I fall in love with someone new all the time. While I was reading Eat Pray Love, years ago, I fell head over heals for Elizabeth Gilbert. And reading Amanda Palmer’s The Art of Asking, I adored her. The same thing happened while I turned the pages of Blessed are the Weird by Jacob Nordby and then Radical Honesty by Brad Blanton. I was smitten.


Jacob Nordby told me a story called “The Temple of Dreams” about a wise woman who lived high in the mountains where people would make their pilgrimage to see her. Nordby said he was not interested in any definition of Soul “other than the raw heartthrob of longing that has pulsed beneath the soundtrack of our lives since we were born.”

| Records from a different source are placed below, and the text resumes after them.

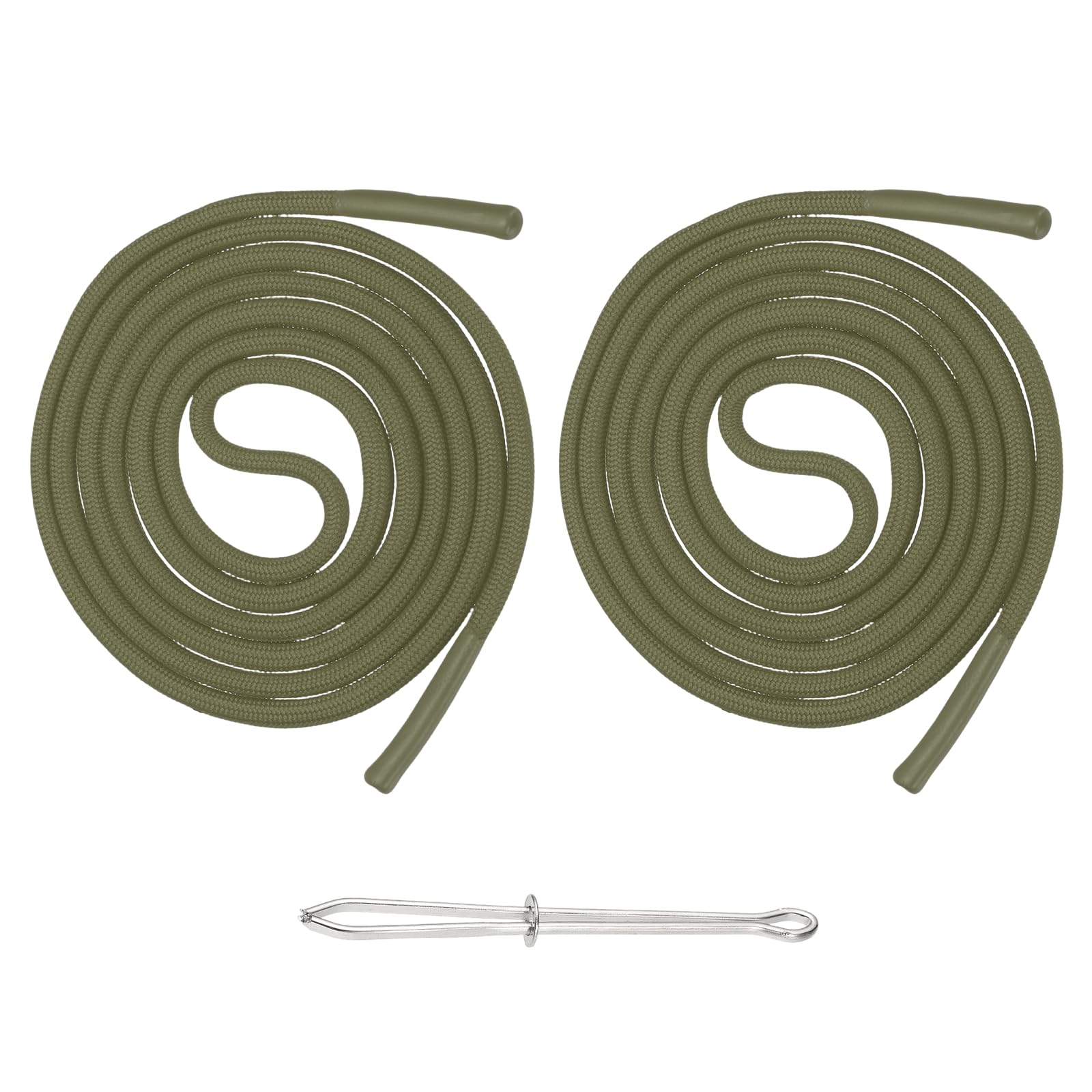 sourcing map 2pcs 53inch Drawstring Cords Replacement Drawstring Hoodie String Sewing Tool with Easy Threader for Hoodie Sweatpants Jackets Pants Hats Coats Bags, Dark Green โ image 1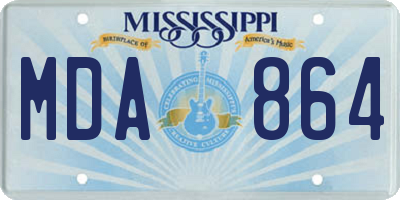 MS license plate MDA864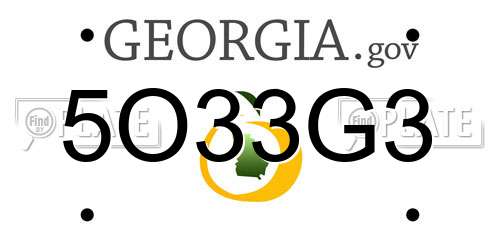 5O33G3 Georgia License Plate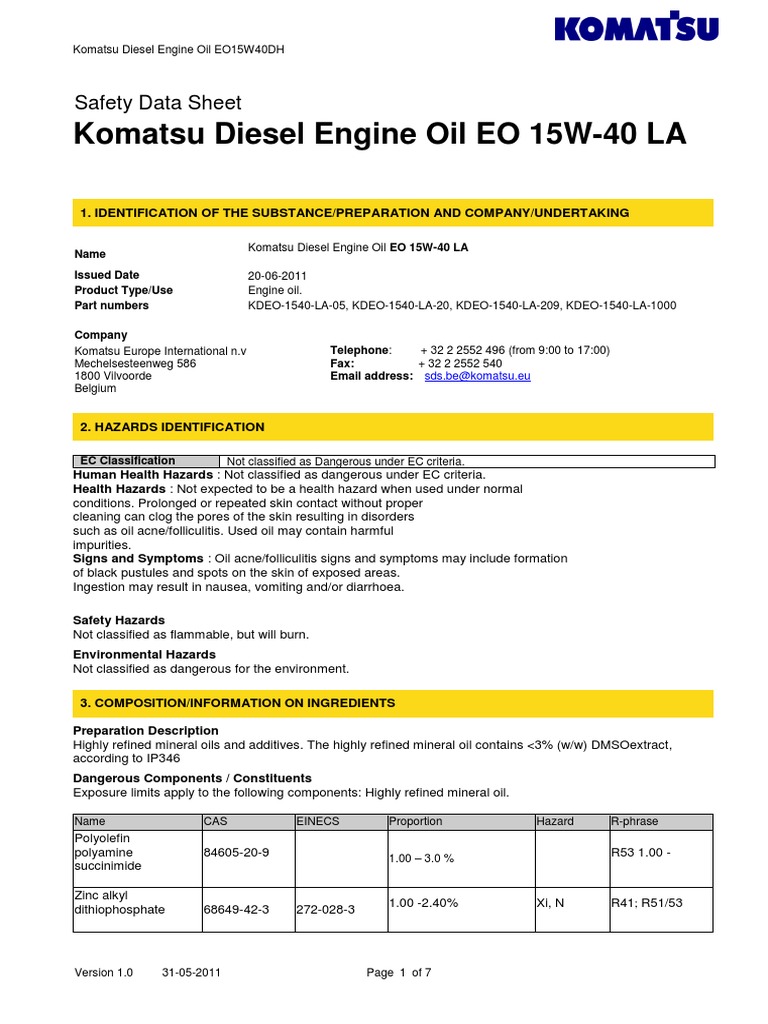 Komatsu Diesel Engine Oil EO15W40 LA PDF Dangerous Goods Toxicity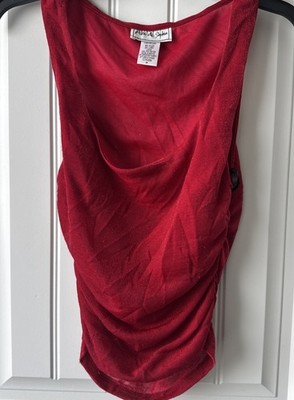 Alex & Sophia Women's Juniors' Red Glitter-Knit Scoop-Neck Shirred Top Size M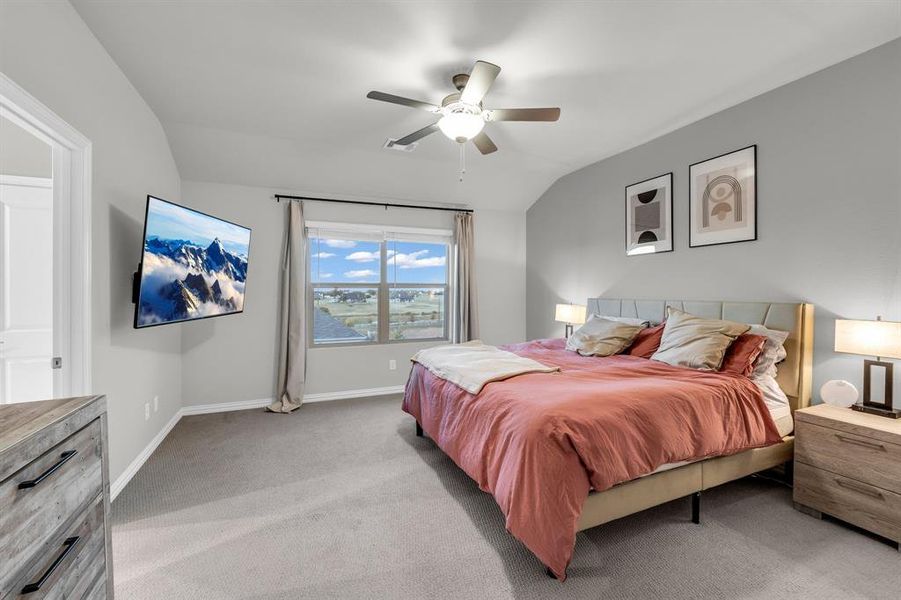 Carpeted bedroom with ceiling fan and lofted ceiling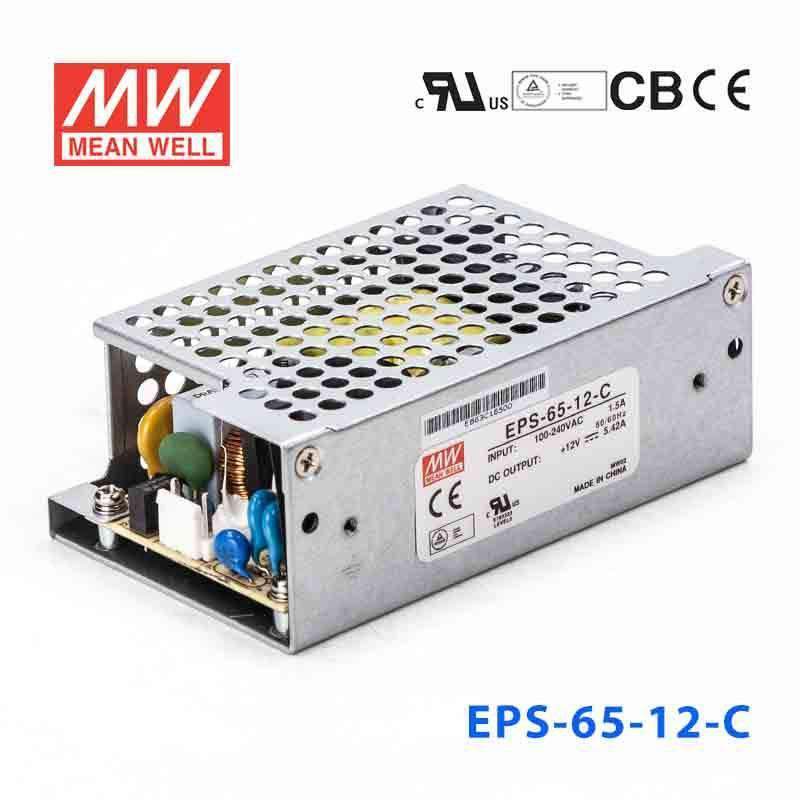 Mean Well EPS - 65 - 12 - C Power Supply 65W 12V - EPS - 65 - 12 - C - powersupplymall.com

Brad Blanton pointed out to me that love between humans is always showing up in a single surprising moment, not in our stories of past or future. And he told me the story of “The Blue Unicorn” searching for its song.

Tell me a good story and I’ll follow you anywhere.

Lately, in her book Belonging, Toko-pa Turner has been telling me about becoming “approachable”. She reminds me to be soft as my future makes it’s way toward me…to be attentive and open. She shows me another way rather than demanding to know my purpose frantically. She presents the idea of yielding, instead…of being welcoming. How could I not fall in love with that? So often in our society we are taught to push our way through…to insist. What if it’s so much easier than that?

What if we really are enough, each one of us, just as we are? What if it’s actually true? What if we can be so much gentler with ourselves and with the world? What if by letting go into being gentle we find ourselves to be resilient, and supported, and discover the gift we have to offer?